I know many of you will be going out of town for the holidays, either in the coming week or near Christmas/Chanukah, and I wish you safe travels. Thanksgiving is one of the most traveled holidays in the U.S. Of course, traveling always presents challenges for those of us with kids. After all, a 6-hour drive can mean one 3-hour nap (that we only can dream about at home) at 9 a.m. (not so good), leaving a very overtired baby in the evening or, for those of us whose babies are “allergic” to sleeping in the car, it might mean no nap at all. Here are a few nap and schedule tips for this holiday season:
- If your baby is just getting on a schedule, try to stick to routine or schedule as much as possible. The first couple of weeks you are “setting” a schedule are typically the most important.
- If you have to choose between a missed morning nap or missed afternoon nap, opt for a missed afternoon nap PLUS an early bedtime (if possible). The morning nap usually sets the mood for the rest of the day. An overtired baby in the morning typically plagues you the rest of the day and night.
- If your baby readily sleeps in the car, you can try to time bedtime in the car and then transfer her to bed when you get home.

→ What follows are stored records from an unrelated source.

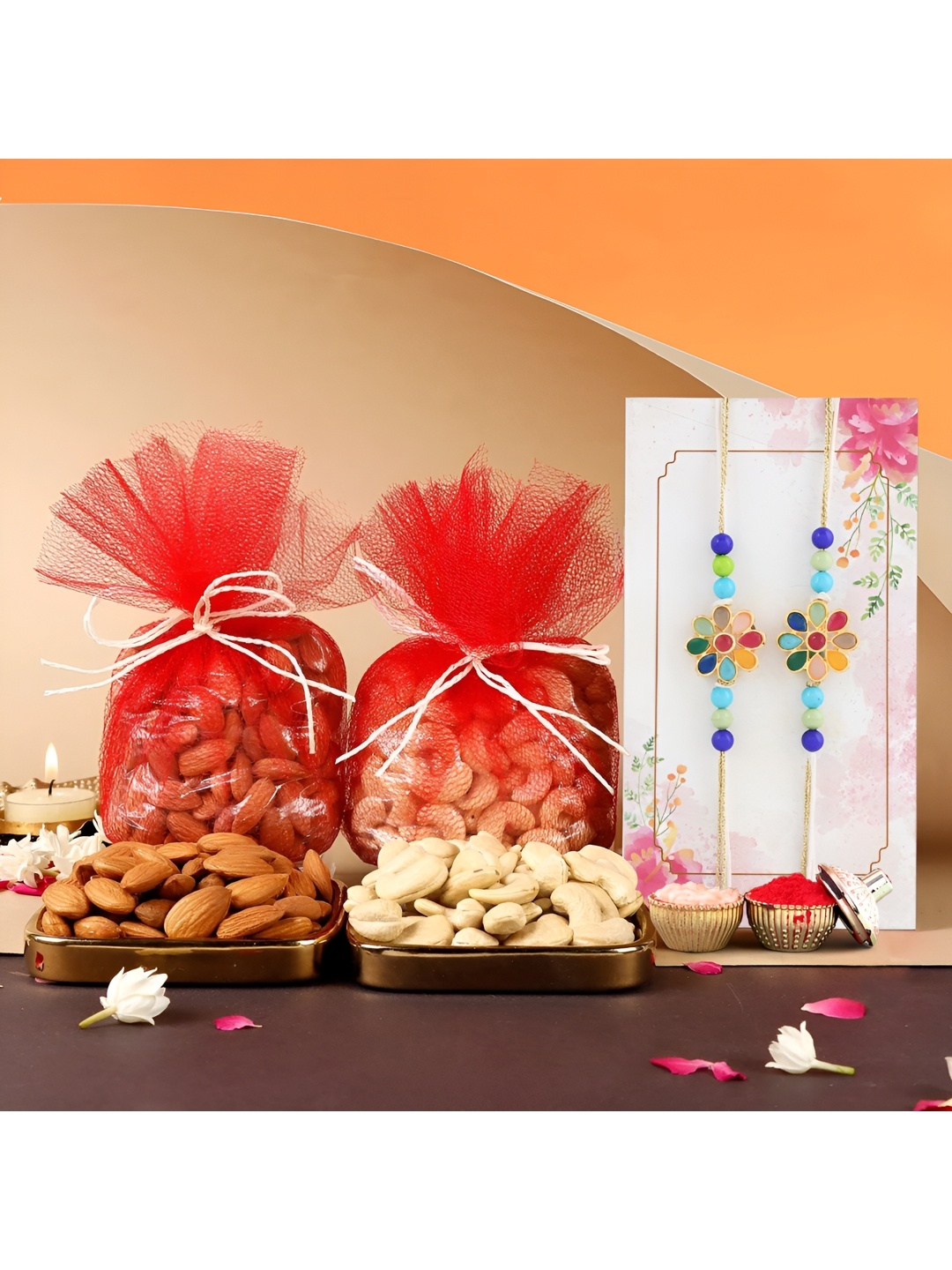 

Ascension Set of 2 Beaded Rakhi With Mix Dry Fruits & Greeting Card With Roli Chawal, White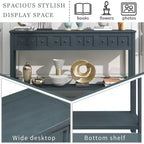 Console rustique avec 4 tiroirs et étagère inférieure – Blanc antique / Bleu / Espresso / Marine, 1 personne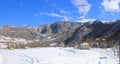 Afurja village. Azerbaijan. 11.25.2019 year. Beautiful landscape of snow-capped mountains Royalty Free Stock Photo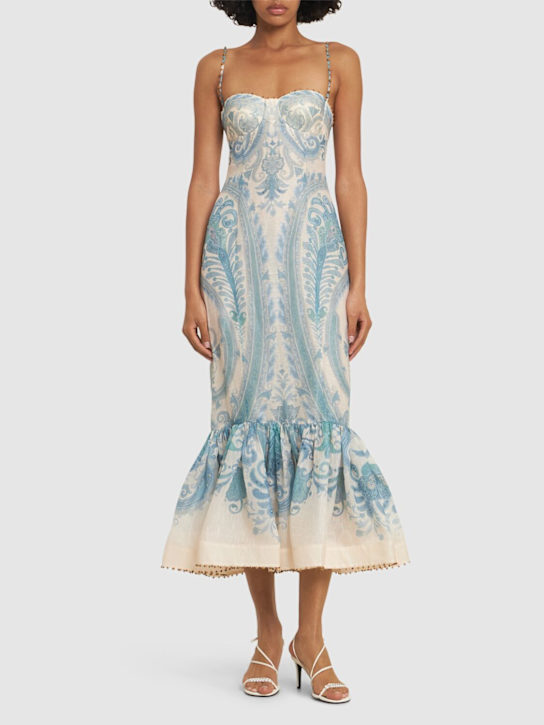 Zimmermann: Illuminate printed linen & silk gown - Blue/Multi - women_1 | Luisa Via Roma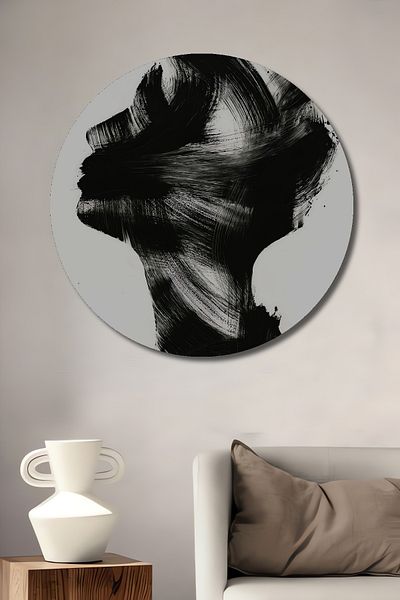 Teona Ahşap Siluetă albă neagră decorativă din lemn MDF rotund pentru casă, pictură murală la locul de muncă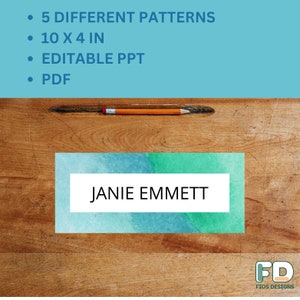 May include: A digital download of 5 different printable patterns for quilting. The patterns are 10 inches by 4 inches and are available in both PDF and editable PowerPoint formats. The image shows a wooden table with a pencil and a watercolor-style background with the text "Janie Emmett" and the logo "FD FIOS DESIGNS".
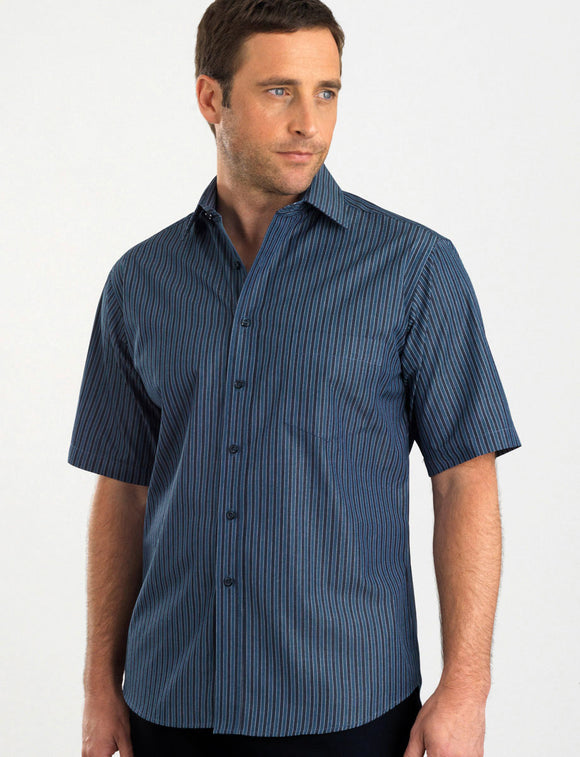 Style 443 Slate – Men's Short Sleeve Bold Stripe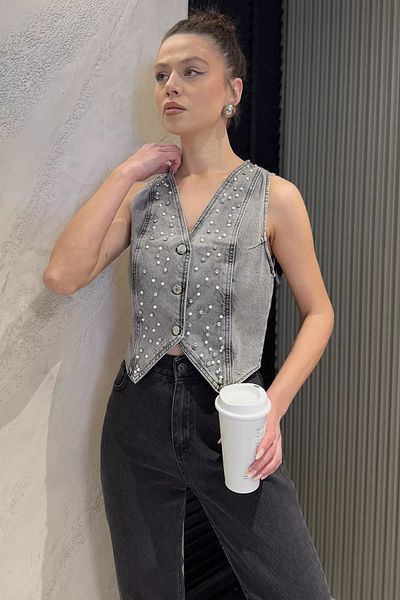 GÜLSELİ سترة جينز نسائية من أنثراسايت ستون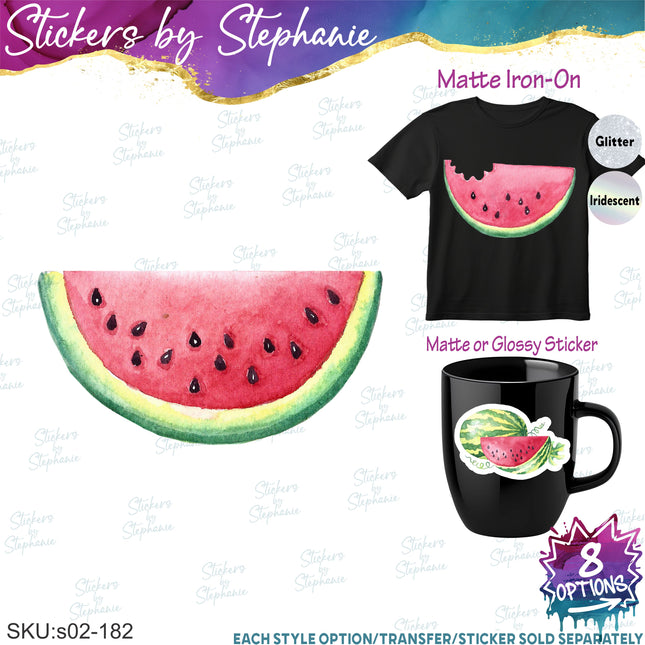 (s02-182) Red Watermelon Half Slice Whole Watercolor Graphic Iron-On Transfer or Sticker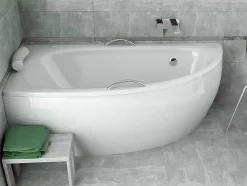 Besco Baignoire asymétrique + tablier blanc + repose tête + poignées - MILENA PREMIUM - 150 x 70 cm - Droite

Even if she wakes up, do not treat this like a nap. Her body will still expect to sleep, so do a mini bedtime routine and put her to bed. Try to keep it dark while you are doing this, so she doesn’t wake all the way up.
- If your baby won’t nap at all in the car, try to drive after the first nap of the day in hopes of starting the day on the right foot and then try a nap when you arrive at your destination.
- If you are trying to decide whether you should start sleep training now or after the holidays, I do recommend going ahead and getting started. In a week’s time, you will have a good handle of how things are going. You can always opt for a break, but if things go well, all the better to enjoy the holidays! I know a lot of families have time off, so it’s best to use them to the fullest and give your baby the gift of sleep.
The holidays can impact your baby’s sleep in a variety of ways including too much daytime napping (during travels in the car), over-tiredness at bedtime (leading to more night-waking and waking up too early in the morning), or not enough napping due to schedule disruptions. Some babies will get back on track the next day while others will take days or weeks to get back on track. All in all, try to enjoy the holidays as much as possible and we can work on your baby’s sleep when you get back home. For more holiday travel sleep tips, please check out this article: 11 Holiday Baby Sleep Tips.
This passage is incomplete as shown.